Exercise description :: From the line that contains "Motiv-Briefpapier Set MARMOR" to the final line of the entries below, write out every line exactly as it appears, and nothing else.

Data for analysis ::
<<<<

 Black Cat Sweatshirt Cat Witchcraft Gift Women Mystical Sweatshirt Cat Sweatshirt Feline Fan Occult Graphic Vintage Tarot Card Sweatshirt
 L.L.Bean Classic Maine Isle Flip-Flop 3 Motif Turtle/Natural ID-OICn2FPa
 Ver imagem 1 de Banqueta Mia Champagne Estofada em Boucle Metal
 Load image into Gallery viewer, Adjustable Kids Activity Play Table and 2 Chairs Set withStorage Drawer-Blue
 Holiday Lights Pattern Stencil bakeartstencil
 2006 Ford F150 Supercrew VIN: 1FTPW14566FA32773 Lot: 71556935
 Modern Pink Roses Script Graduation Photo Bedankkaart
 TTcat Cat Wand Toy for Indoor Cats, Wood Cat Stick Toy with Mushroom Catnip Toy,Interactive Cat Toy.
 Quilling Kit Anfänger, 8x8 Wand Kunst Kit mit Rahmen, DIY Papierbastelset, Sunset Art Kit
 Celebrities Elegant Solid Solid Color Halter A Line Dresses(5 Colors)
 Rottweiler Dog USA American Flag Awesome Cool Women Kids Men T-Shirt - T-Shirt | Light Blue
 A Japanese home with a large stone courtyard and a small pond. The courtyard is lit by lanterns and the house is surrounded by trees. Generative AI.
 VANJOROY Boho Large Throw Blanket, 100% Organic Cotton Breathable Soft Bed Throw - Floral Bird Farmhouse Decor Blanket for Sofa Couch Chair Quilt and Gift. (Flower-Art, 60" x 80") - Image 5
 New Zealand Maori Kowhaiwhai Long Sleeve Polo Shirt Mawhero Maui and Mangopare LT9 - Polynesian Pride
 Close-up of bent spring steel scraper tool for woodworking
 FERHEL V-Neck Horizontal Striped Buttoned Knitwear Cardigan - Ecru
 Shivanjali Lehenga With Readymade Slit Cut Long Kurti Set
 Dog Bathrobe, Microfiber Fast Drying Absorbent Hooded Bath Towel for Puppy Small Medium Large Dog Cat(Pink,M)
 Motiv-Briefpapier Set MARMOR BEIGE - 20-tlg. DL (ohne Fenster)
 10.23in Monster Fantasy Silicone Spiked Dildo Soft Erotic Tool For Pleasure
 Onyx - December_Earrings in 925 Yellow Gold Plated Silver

>>>>

Your response ::
 Motiv-Briefpapier Set MARMOR BEIGE - 20-tlg. DL (ohne Fenster)
 10.23in Monster Fantasy Silicone Spiked Dildo Soft Erotic Tool For Pleasure
 Onyx - December_Earrings in 925 Yellow Gold Plated Silver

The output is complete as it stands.